Could you repeat exactly the lines from the one containing "FlowerFull Hydrangea" through the last line of the records, with no pictures?

Short web captions:
:::::
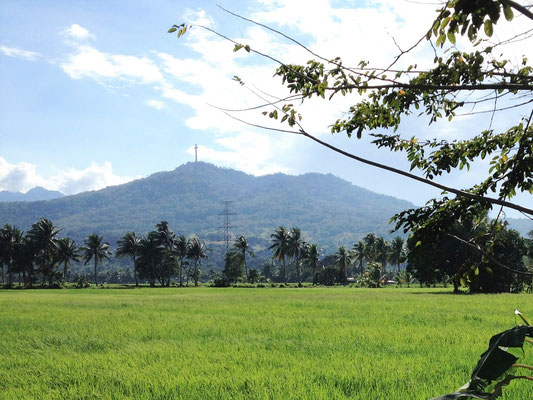 Rice Fields, Mount Samat, Philippines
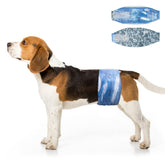 Dono Dog Diapers: empaque resistente para transporte diario.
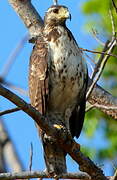 Rufous Crab Hawk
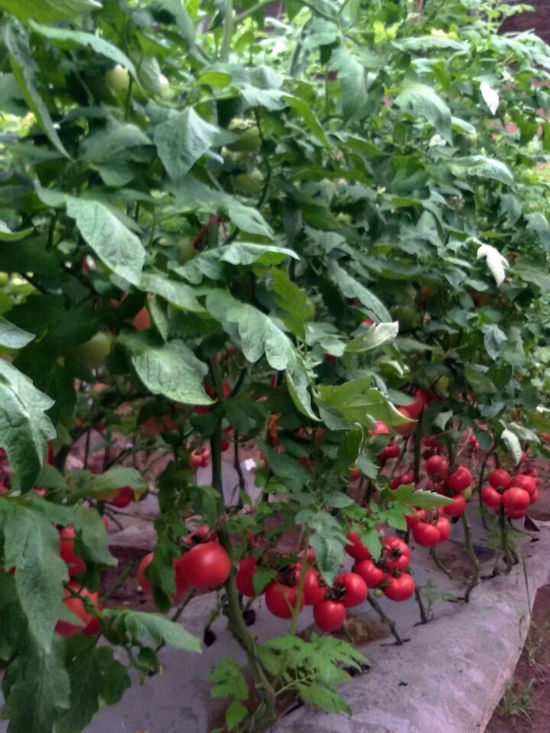 西紅柿苗-碩豐3689 西紅柿苗-碩豐3689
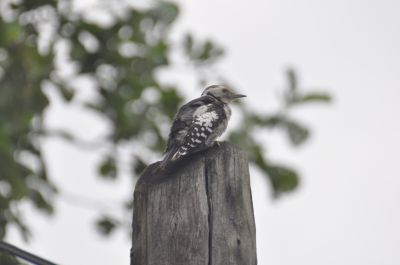Middelste bonte specht - Middle Spotted Woodpecker - Dendrocoptes medius
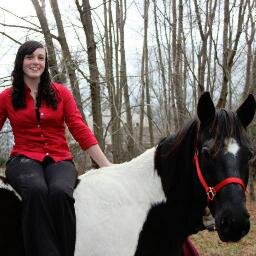 Harly's Gentle Horse Training focuses on the horse-human bond, trust, leadership, and friendship while training horses.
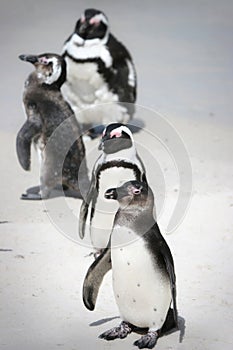 Penguins sunbathing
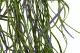 Chute d'Herbe artificielle - Ignifug&eacute;e 2
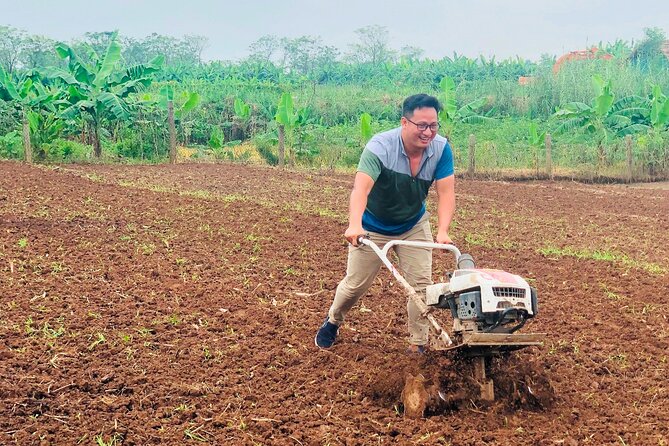 Hanoi Countryside in Banana Island - Top Tours & Activities - Directions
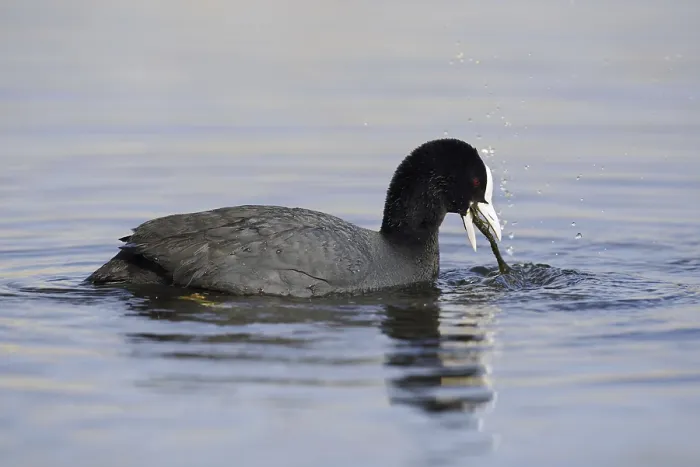 Framed Print : Eurasian Coot (Fulica atra) feeding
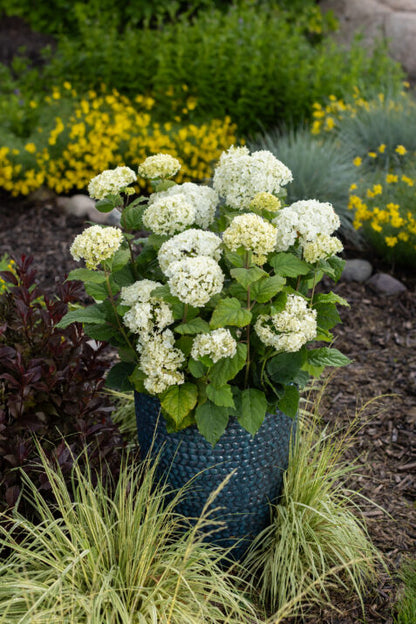 FlowerFull Hydrangea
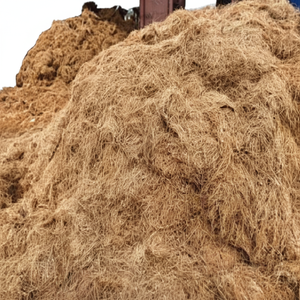 Fibre de noix de coco naturelle de haute qualité pour matelas brosses cordes tapis de culture paillis fibre de coco vente en gros de l'Inde - Product Image 1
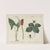 Poisonous Plants (Lords &amp; Ladies, Herb Paris) by Charlotte Mary Yonge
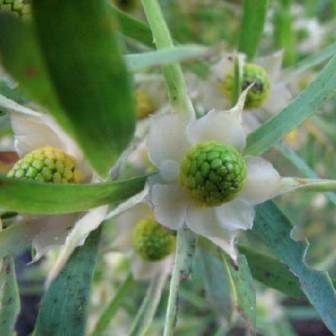 10 Leucadendron salicifolium Seeds - Protea Family - Indigenous Shrub Plant Native to South Africa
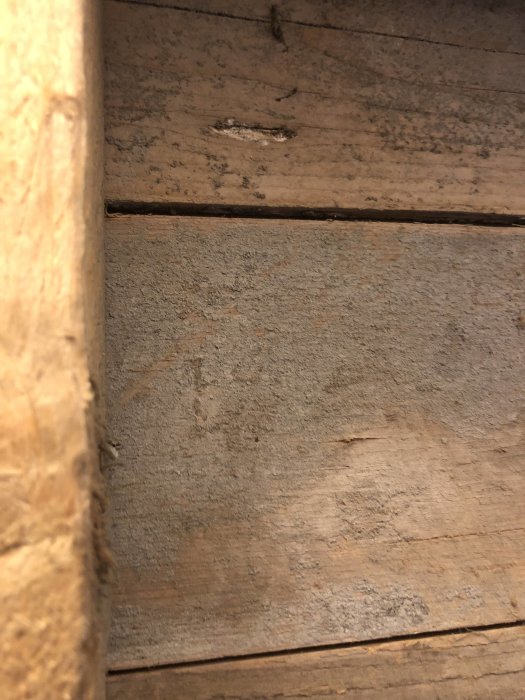 Närbild av misstänkt mögelpåväxt på gammal trävägg i ett hörn, med slitage och fläckar.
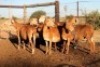 8X MEATMASTER EWE (Pay per Animal to take all in lot) - 2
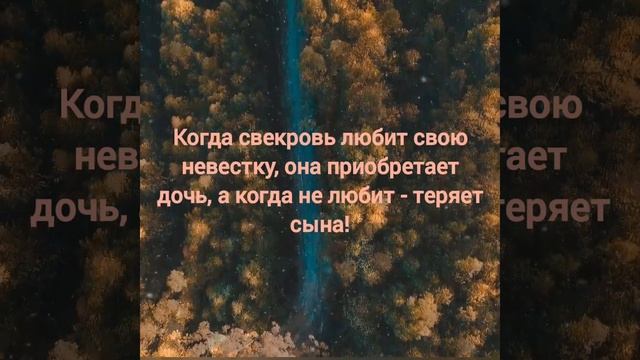 Когда свекровь любит свою невестку, она приобретает дочь, а когда не любит - теряет сына смотреть онлайн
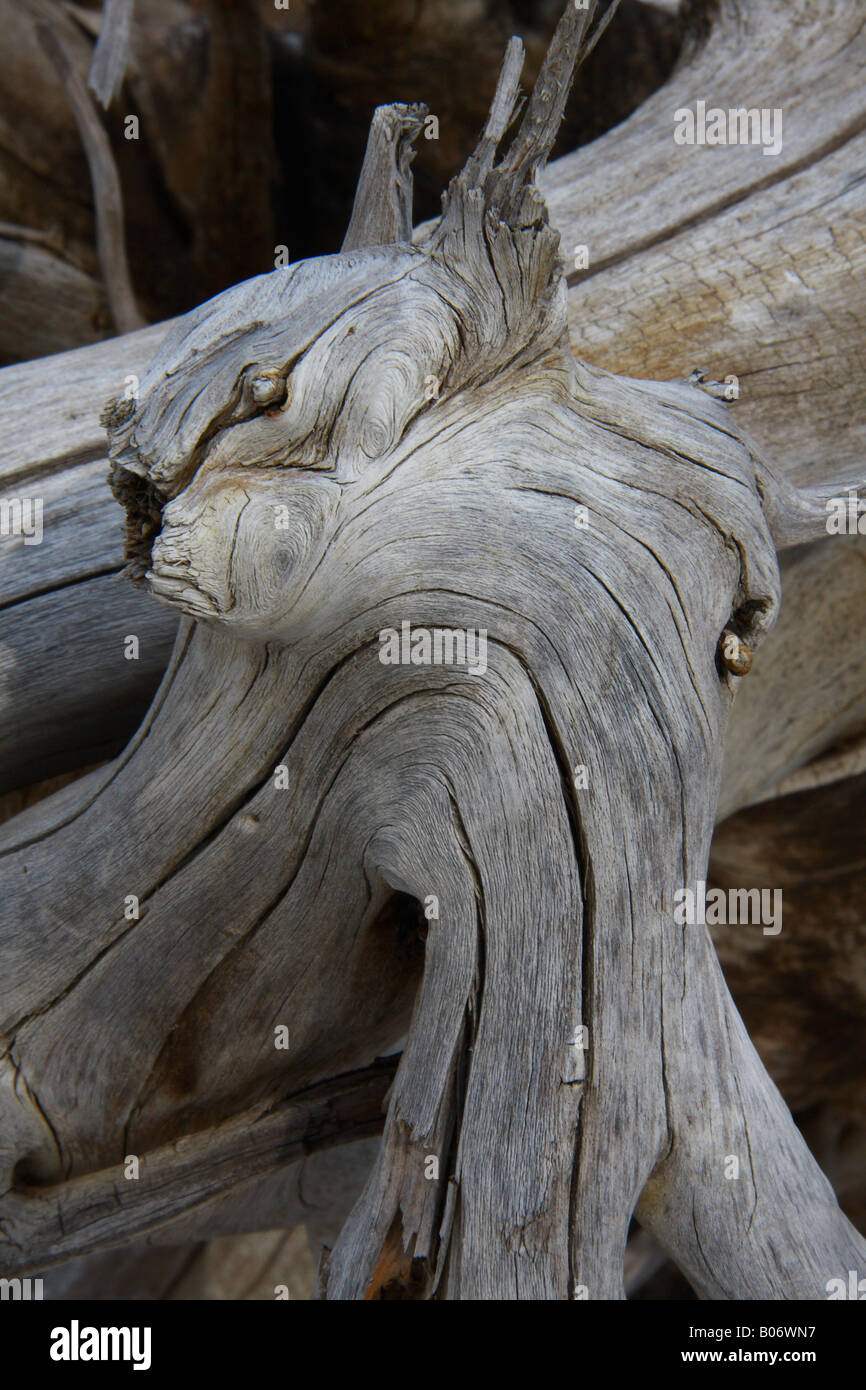 Scultura naturale nel pesce Creek Park, Calgary, Alberta Foto Stock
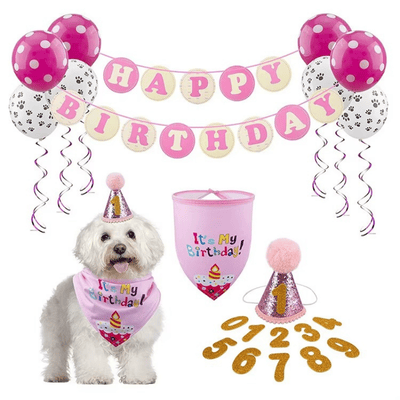 Dog Pet Dog Birthday Set with Golden Number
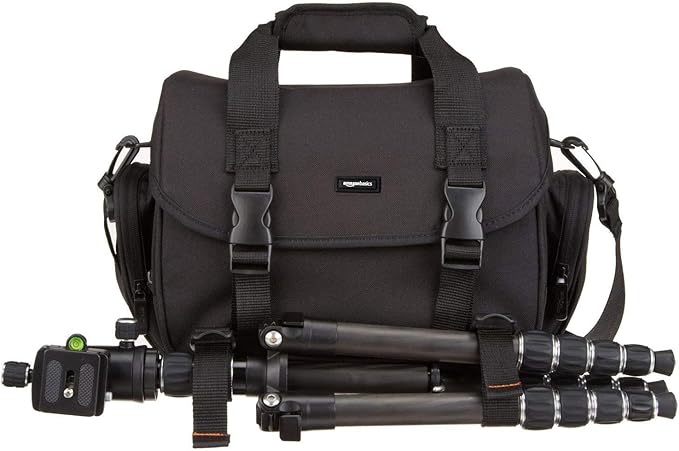 Amazon Basics Large DSLR Gadget Bag, Black with Grey Interior
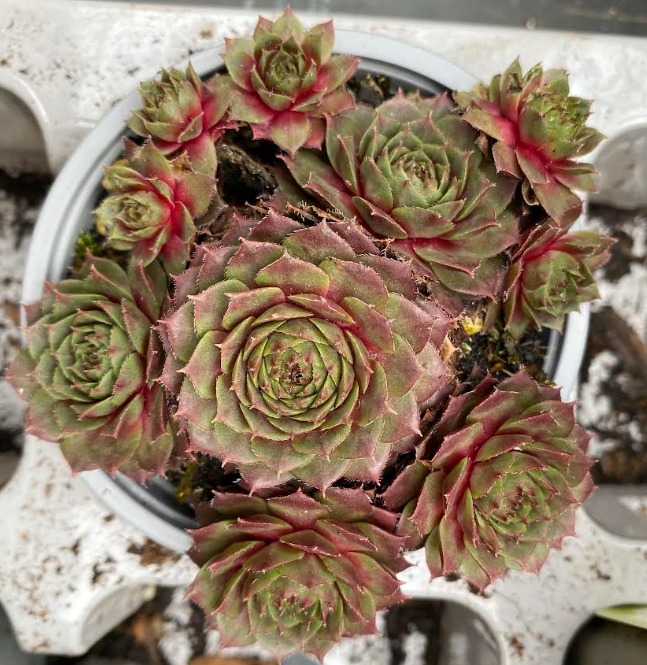 Sempervivum x 'Othello' - Joubarbe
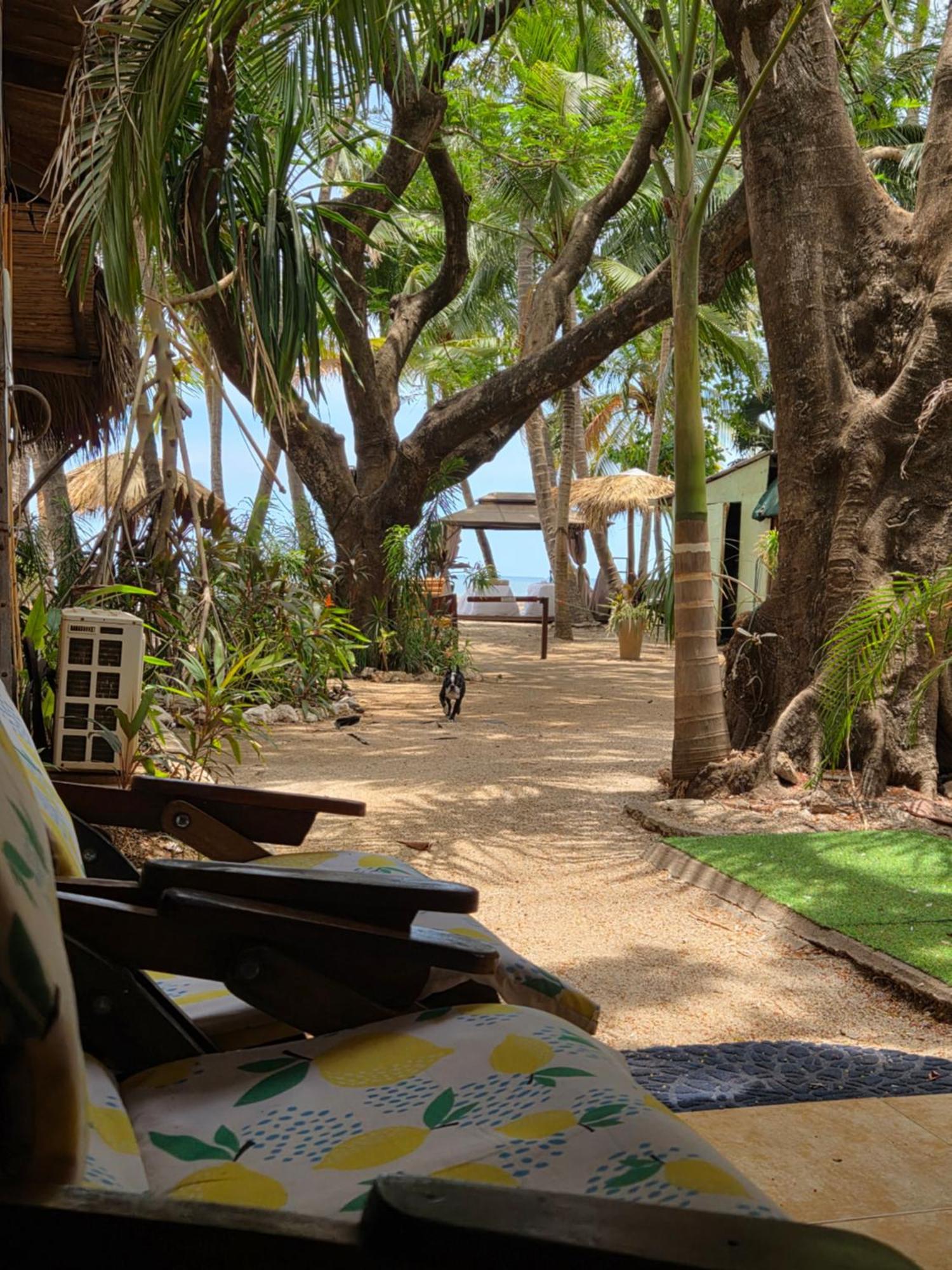 La Palapa Hotel 3*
:::::
- Solution to the exercise:
 FlowerFull Hydrangea
 Fibre de noix de coco naturelle de haute qualité pour matelas brosses cordes tapis de culture paillis fibre de coco vente en gros de l'Inde - Product Image 1
 Poisonous Plants (Lords &amp; Ladies, Herb Paris) by Charlotte Mary Yonge
 10 Leucadendron salicifolium Seeds - Protea Family - Indigenous Shrub Plant Native to South Africa
 Närbild av misstänkt mögelpåväxt på gammal trävägg i ett hörn, med slitage och fläckar.
 8X MEATMASTER EWE (Pay per Animal to take all in lot) - 2
 Когда свекровь любит свою невестку, она приобретает дочь, а когда не любит - теряет сына смотреть онлайн
 Scultura naturale nel pesce Creek Park, Calgary, Alberta Foto Stock
 Dog Pet Dog Birthday Set with Golden Number
 Amazon Basics Large DSLR Gadget Bag, Black with Grey Interior
 Sempervivum x 'Othello' - Joubarbe
 La Palapa Hotel 3*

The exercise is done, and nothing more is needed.